Allora proprio qui mi ritornano in mente le parole di Carmelo Bene

Ci sono cretini che hanno visto la Madonna e ci sono cretini che non hanno visto la Madonna. Io sono un cretino che la Madonna non l'ha vista mai - C.B.

il quale ha girato un film nel palazzo Sticchi di stile moresco.

Vestiti in vendita al mercato di Santa Maria Di Leuca

A Santa Maria di Leuca, la "Finibus Terrae", si resta sempre sbalorditi. Qui la strada finisce perché è il punto più a sud del Salento e non rimane che il riposo e quella sensazione di null'altro da fare che accompagna tutta la gente che vaga nei pressi del faro come chi si è appena svegliato.
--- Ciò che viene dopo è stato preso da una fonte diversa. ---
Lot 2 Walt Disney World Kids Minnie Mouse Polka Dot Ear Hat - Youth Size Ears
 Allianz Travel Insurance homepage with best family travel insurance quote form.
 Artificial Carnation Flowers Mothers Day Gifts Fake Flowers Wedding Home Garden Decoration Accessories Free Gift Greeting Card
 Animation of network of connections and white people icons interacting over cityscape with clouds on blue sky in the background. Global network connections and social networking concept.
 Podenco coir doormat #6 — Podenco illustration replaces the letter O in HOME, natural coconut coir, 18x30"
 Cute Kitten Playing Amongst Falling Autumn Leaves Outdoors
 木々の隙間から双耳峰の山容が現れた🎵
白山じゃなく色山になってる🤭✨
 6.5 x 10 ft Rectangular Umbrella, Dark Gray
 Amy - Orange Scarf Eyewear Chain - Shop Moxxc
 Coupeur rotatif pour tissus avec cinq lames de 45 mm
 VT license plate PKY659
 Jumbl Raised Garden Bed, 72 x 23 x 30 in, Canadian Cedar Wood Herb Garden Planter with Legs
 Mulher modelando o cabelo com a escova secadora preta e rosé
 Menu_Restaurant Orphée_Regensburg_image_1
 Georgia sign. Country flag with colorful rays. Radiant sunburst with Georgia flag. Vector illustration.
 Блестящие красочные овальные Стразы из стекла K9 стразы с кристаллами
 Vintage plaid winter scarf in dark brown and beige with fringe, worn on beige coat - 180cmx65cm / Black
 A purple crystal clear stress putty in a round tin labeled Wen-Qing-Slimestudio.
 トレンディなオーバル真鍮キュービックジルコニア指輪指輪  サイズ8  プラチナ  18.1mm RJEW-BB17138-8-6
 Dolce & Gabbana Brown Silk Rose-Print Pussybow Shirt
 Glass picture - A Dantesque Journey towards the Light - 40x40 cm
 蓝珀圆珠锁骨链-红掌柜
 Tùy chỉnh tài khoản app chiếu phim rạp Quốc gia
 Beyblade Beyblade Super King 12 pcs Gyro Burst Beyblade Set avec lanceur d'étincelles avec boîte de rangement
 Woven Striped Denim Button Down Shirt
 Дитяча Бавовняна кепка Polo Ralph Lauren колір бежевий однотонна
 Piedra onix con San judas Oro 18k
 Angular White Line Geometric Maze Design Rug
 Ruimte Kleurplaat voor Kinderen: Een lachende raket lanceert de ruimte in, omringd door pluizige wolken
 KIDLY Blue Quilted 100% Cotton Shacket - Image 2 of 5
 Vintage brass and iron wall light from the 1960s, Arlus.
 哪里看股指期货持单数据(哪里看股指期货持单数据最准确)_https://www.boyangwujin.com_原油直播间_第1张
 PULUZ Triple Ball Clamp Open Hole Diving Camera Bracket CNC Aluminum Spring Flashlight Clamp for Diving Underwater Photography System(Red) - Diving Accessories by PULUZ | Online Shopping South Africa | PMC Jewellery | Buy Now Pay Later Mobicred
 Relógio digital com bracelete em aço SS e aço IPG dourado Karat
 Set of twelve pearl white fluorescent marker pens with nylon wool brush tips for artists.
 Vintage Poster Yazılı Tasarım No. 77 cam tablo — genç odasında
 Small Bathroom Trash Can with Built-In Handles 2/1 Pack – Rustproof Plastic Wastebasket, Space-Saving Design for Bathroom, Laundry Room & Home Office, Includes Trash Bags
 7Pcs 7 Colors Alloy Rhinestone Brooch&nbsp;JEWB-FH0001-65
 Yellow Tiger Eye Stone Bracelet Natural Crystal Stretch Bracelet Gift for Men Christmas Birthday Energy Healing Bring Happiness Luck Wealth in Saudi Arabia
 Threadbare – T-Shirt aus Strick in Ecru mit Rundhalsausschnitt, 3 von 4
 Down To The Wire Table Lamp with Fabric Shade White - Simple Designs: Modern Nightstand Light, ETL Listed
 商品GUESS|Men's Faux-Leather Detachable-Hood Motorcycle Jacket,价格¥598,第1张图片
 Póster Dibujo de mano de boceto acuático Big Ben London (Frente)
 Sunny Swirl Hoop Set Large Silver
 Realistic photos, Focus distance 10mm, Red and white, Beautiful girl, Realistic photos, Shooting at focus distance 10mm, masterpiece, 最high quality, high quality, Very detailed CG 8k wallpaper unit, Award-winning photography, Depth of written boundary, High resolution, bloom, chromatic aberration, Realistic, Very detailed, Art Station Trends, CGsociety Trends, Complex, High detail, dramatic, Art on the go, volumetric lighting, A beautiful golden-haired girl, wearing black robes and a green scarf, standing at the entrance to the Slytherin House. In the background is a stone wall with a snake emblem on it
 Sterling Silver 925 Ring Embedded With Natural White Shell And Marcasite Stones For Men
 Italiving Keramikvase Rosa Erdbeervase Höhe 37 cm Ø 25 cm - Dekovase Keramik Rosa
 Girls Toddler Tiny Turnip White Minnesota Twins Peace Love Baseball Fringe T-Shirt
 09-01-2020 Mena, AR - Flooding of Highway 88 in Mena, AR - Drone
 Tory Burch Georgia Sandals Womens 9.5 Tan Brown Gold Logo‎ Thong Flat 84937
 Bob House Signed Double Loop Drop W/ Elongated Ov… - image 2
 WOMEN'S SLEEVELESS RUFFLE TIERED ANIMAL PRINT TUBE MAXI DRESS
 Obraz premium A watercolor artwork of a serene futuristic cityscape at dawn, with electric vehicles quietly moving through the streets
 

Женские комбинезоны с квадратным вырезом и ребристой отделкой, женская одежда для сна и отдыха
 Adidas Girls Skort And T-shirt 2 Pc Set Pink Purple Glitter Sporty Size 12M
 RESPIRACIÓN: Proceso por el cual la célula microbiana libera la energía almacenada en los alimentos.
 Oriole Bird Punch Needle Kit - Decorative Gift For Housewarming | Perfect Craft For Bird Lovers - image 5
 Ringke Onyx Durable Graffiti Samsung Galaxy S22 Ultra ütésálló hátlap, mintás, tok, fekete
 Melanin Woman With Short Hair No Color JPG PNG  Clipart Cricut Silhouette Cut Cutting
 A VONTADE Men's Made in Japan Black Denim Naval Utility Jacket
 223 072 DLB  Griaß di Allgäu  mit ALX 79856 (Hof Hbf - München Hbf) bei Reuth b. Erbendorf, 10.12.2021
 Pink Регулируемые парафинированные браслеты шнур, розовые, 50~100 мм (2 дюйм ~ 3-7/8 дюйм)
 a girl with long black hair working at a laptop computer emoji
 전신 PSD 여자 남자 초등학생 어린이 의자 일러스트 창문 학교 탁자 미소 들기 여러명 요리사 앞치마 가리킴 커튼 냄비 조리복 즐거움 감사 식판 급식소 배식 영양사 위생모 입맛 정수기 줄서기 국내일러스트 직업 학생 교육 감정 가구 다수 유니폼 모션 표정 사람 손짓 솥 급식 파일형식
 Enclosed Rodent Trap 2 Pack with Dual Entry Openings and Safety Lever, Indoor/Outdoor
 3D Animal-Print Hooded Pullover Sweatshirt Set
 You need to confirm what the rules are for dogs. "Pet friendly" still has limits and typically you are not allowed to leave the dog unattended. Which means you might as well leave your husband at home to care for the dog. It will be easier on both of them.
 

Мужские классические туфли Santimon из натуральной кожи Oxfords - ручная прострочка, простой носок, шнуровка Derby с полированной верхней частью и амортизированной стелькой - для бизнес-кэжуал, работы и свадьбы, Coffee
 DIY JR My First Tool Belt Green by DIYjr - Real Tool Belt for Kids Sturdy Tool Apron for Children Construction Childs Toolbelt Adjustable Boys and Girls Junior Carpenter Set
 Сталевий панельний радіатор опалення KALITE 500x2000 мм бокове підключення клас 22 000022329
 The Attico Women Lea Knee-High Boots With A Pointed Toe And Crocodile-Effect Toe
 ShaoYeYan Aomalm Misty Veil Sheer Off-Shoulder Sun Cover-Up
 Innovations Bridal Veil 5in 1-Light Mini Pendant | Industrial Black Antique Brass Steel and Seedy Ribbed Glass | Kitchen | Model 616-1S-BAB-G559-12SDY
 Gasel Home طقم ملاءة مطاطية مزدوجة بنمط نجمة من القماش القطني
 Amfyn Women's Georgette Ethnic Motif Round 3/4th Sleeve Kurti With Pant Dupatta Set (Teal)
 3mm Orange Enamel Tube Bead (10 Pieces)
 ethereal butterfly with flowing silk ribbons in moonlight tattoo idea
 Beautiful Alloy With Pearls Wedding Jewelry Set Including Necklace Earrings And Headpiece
Perché a Santa Maria di Leuca si ha l'impressione di aver già fatto tutto nella vita, e che l'unica cosa rimasta da fare sia appoggiarsi al muretto per guardare il mare infinito, tutti insieme. Dietro c'è chi si attarda a comprare un souvenir ingiallito prima di unirsi a noi, giusto per ricordare la fine, e quando ci raggiunge ha subito l'impressione di aver attraversato la vita, e sente tutto ad un tratto l'intera saggezza dischiudersi giusto il tempo di un affaccio.

Santa Maria di Leuca - Finibus Terrae

Mentre scrivo è sera e mi arriva ai timpani la musica invadente del vicino, l'urlo del bambino che chiama un amico con un tono cresciuto in fretta, due scooter che attraversano la strada mentre i passeggeri si parlano a voce alta come se fossero seduti a un tavolo, e poi quando tutto sembra essersi placato ecco che è già mezzanotte e sparano i fuochi, e quando i fuochi finiscono un cane risponde con un abbaio, un solo abbaio, come a voler dire solo una cosa, e poi di nuovo silenzio e un fruscio di vento in attesa di altro chiasso che sta sicuramente per arrivare: è Gallipoli.